An interesting integral!

[Hamza Mahmood]

\[ \int_{0}^{\infty }\frac{\ln^{2}x}{x^2+2x\cos\theta+1 }dx=?\ where\ \theta\in [0,\pi ] \]

[mathofusva]

Notice that
\begin{eqnarray*}
\int_0^\infty\,\frac{\ln^2x}{1 + 2x\cos\theta + x^2}\,dx & = & \int_0^1\,\frac{\ln^2x}{1 + 2x\cos\theta + x^2}\,dx + \int_1^\infty\,\frac{\ln^2x}{1 + 2x\cos\theta + x^2}\,dx\\
& = & 2\,\int_0^1\,\frac{\ln^2x}{1 + 2x\cos\theta + x^2}\,dx,
\end{eqnarray*}
where the substitution $x = 1/t$ has been used in the integral over $[1, \infty)$.

Recall that
$$\sum_{k=1}^\infty\,x^k\sin k\alpha = \frac{x\sin\alpha}{1 - 2x\cos\alpha + x^2}.$$
Replacing $\alpha$ by $\pi + \theta$ yields
$$\sum_{k=1}^\infty\,(-1)^{k-1}x^k\sin k\theta = \frac{x\sin\theta}{1 + 2x\cos\theta + x^2}.$$
Thus,
\begin{eqnarray*}
\int_0^1\,\frac{\ln^2x}{1 + 2x\cos\theta + x^2}\,dx & = & \sum_{k=1}^\infty\,(-1)^{k-1}\frac{\sin k\theta}{\sin\theta}\,\int_0^1\,x^{k-1}\ln^2x\,dx\\
& = & \frac{2}{\sin\theta} \sum_{k=1}^\infty\,(-1)^{k-1}\frac{\sin k\theta}{k^3}.
\end{eqnarray*}
Since
$$\sum_{k=1}^\infty\,(-1)^{k-1}\frac{\cos k\theta}{k^2} = \frac{\pi^2}{12} - \frac{1}{4}\theta^2,$$
integrating with respect to $\theta$ gives
$$\sum_{k=1}^\infty\,(-1)^{k-1}\frac{\sin k\theta}{k^3} = \frac{\theta}{12}(\pi^2- \theta^2).$$
Combining the results above asserts that
$$\int_0^\infty\,\frac{\ln^2x}{1 + 2x\cos\theta + x^2}\,dx = \frac{\theta}{3\sin\theta}(\pi^2- \theta^2).$$

Remark.

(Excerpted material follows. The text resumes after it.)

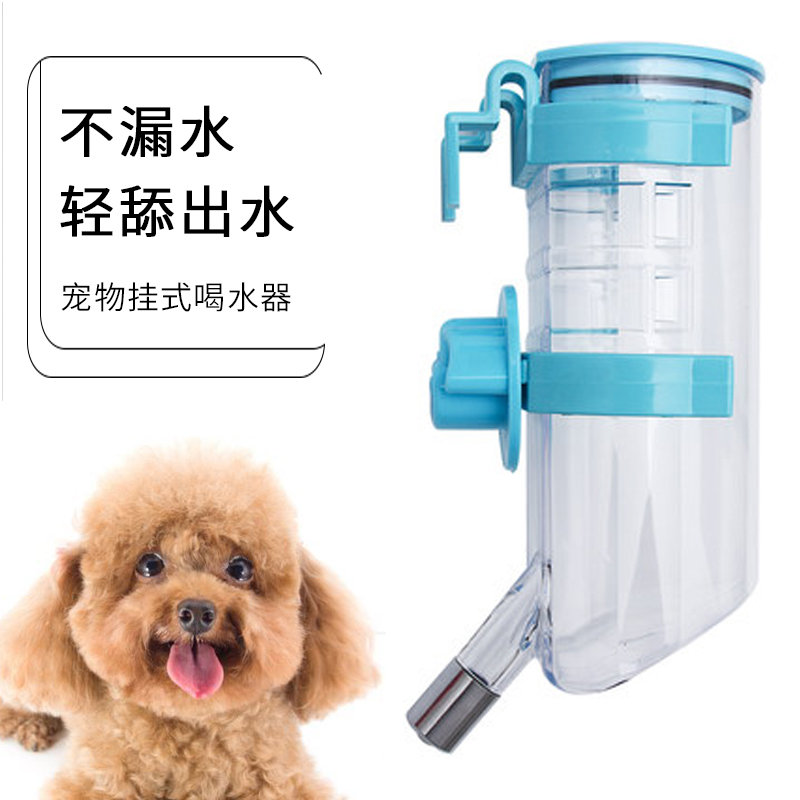 自动饮水器猫咪喂水悬挂笼子水壶宠物用品 狗狗喝水器不湿嘴挂式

If $p$ is a positive integer, along the same lines, one can establish that
$$\int_0^\infty\,\frac{\ln^{p}(1/x)}{1 + 2x\cos\theta + x^2}\,dx = \frac{2\,p!}{\sin\theta}\, \sum_{k=1}^\infty\,(-1)^{k-1}\frac{\sin k\theta}{k^{p+1}}.$$

[Hamza Mahmood]

Thank you!!